Configuring the Debezium PostgreSQL connector requires precise alignment between database-level logical replication parameters, Kafka Connect runtime constraints, and downstream CDC pipeline automation workflows. This guide details production-ready configuration patterns for database engineers, data platform teams, and Python ETL developers deploying change data capture at scale.
PostgreSQL Logical Replication Prerequisites
Before deploying the connector, PostgreSQL must expose transaction logs via logical decoding. Set wal_level = logical in postgresql.conf and restart the instance. Allocate sufficient replication slots by tuning max_replication_slots and max_wal_senders to accommodate concurrent connector deployments and failover scenarios. Create a dedicated publication targeting only the required tables to minimize WAL bloat and network overhead:
CREATE PUBLICATION cdc_prod_publication FOR TABLE public.orders, public.users, public.inventory;
The connector consumes from this publication using a persistent replication slot. Dropping a slot prematurely forces a full resnapshot and breaks downstream state consistency. For end-to-end pipeline architecture, refer to the foundational CDC Pipeline Implementation with Python & Debezium documentation. Consult the official PostgreSQL Logical Replication documentation for slot lifecycle management and WAL retention policies.
Idempotent Deployment Payload
Deploy the connector via the Kafka Connect REST API using an idempotent PUT request. This guarantees that repeated deployments converge to the same configuration state without triggering duplicate connector instances. Critical parameters dictate behavior, fault tolerance, and data fidelity:
{
"name": "pg-cdc-connector",
"config": {
"connector.class": "io.debezium.connector.postgresql.PostgresConnector",
"database.hostname": "pg-primary.internal",
"database.port": "5432",
"database.user": "cdc_replicator",
"database.password": "${file:/opt/kafka/config/secrets/db-pass.properties:password}",
"database.dbname": "analytics_prod",
"topic.prefix": "pg-analytics",
"plugin.name": "pgoutput",
"publication.name": "cdc_prod_publication",
"slot.name": "debezium_pg_analytics",
"slot.drop.on.stop": "false",
"snapshot.mode": "initial",
"snapshot.locking.mode": "minimal",
"snapshot.isolation.mode": "repeatable_read",
"heartbeat.interval.ms": "10000",
"poll.interval.ms": "500",
"max.batch.size": "2048",
"max.queue.size": "8192",
"tombstones.on.delete": "true",
"key.converter": "org.apache.kafka.connect.json.JsonConverter",
"value.converter": "org.apache.kafka.connect.json.JsonConverter",
"key.converter.schemas.enable": "false",
"value.converter.schemas.enable": "false"
}
}
Secrets must never be hardcoded. Use the ${file:...} or ${env:...} syntax to inject credentials at runtime. Deploy idempotently using the Kafka Connect REST API PUT /connectors/{name}/config endpoint.

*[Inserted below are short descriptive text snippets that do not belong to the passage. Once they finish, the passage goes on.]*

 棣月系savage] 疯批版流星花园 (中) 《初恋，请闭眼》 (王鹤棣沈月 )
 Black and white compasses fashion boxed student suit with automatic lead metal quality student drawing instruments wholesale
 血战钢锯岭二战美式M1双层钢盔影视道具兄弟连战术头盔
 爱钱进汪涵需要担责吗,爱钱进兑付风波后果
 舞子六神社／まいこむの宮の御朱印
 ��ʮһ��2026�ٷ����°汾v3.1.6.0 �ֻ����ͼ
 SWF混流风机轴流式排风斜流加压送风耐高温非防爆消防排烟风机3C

Snapshot Strategy & Performance Tuning
The initial snapshot phase dictates baseline data latency and database load. snapshot.locking.mode controls table lock duration during the initial sync:
minimal: Acquires locks only during the initial table scan. Reduces production impact but may capture inconsistent states if concurrent DDL occurs.extended: Holds locks across the entire snapshot. Guarantees strict consistency but extends initial sync windows.none: Skips locking entirely. Only safe for append-only or read-only tables.
For large tables, chunk-based snapshotting (snapshot.fetch.size) significantly reduces peak memory usage on the Kafka Connect worker. Tune this value together with max.batch.size and available JVM heap to prevent OOM kills during the initial sync.

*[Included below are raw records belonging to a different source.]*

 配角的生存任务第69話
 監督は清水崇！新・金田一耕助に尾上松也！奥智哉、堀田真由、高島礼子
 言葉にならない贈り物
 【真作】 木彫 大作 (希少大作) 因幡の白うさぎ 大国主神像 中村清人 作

Memory Allocation & Runtime Stability
Debezium runs within the Kafka Connect JVM. Misconfigured batch and queue sizes directly cause heap exhaustion and container OOM kills. The max.batch.size and max.queue.size parameters must scale proportionally with available JVM heap (KAFKA_HEAP_OPTS). A common production baseline allocates 4–8 GB heap with max.batch.size=2048 and max.queue.size=8192. Monitor kafka.connect.source-record-poll-rate and kafka.connect.source-record-active-count metrics to detect backpressure.
Downstream Serialization & Parsing
JSON converters are suitable for development, but production pipelines require schema evolution control and compact serialization. Switch to io.confluent.connect.avro.AvroConverter or io.debezium.converters.CloudEventsConverter to enforce schema registry compliance. Enable tombstones.on.delete=true to propagate delete events explicitly, allowing downstream consumers to handle soft vs. hard deletes deterministically. When transforming raw CDC payloads, implement JSON to Avro Transformation to standardize field types and reduce network payload size. Python ETL developers should leverage Python CDC Parser Development to deserialize before/after payloads, handle schema versioning, and route events to analytical sinks without blocking the main consumer loop.

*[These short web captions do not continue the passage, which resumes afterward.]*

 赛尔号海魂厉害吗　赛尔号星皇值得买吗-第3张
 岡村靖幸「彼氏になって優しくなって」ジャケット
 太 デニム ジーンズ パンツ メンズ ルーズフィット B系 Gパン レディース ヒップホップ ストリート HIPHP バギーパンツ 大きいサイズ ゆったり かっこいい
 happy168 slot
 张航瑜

Debugging & Verification Workflow
Idempotent configuration requires a repeatable verification loop:
1. Deploy & validate state
curl -X PUT http://kafka-connect:8083/connectors/pg-cdc-connector/config \
-H "Content-Type: application/json" \
-d @connector-config.json
Verify state transitions: curl http://kafka-connect:8083/connectors/pg-cdc-connector/status. Expect RUNNING for both connector and tasks.
2. Offset & slot verification
Check committed offsets: curl http://kafka-connect:8083/connectors/pg-cdc-connector/offsets. Cross-reference with PostgreSQL slot lag:
SELECT slot_name, restart_lsn, confirmed_flush_lsn,
pg_wal_lsn_diff(pg_current_wal_lsn(), confirmed_flush_lsn) AS pending_bytes
FROM pg_replication_slots WHERE slot_name = 'debezium_pg_analytics';
A growing pending_bytes value indicates downstream consumer lag or connector stall.
3. Failure recovery
If the connector enters FAILED state, do not delete it. Inspect the task trace via the status endpoint, resolve the root cause (for example, network timeout, schema mismatch, or WAL gap), and issue another PUT request. Kafka Connect will resume from the last committed offset. Ensure slot.drop.on.stop remains false to prevent slot loss during maintenance windows.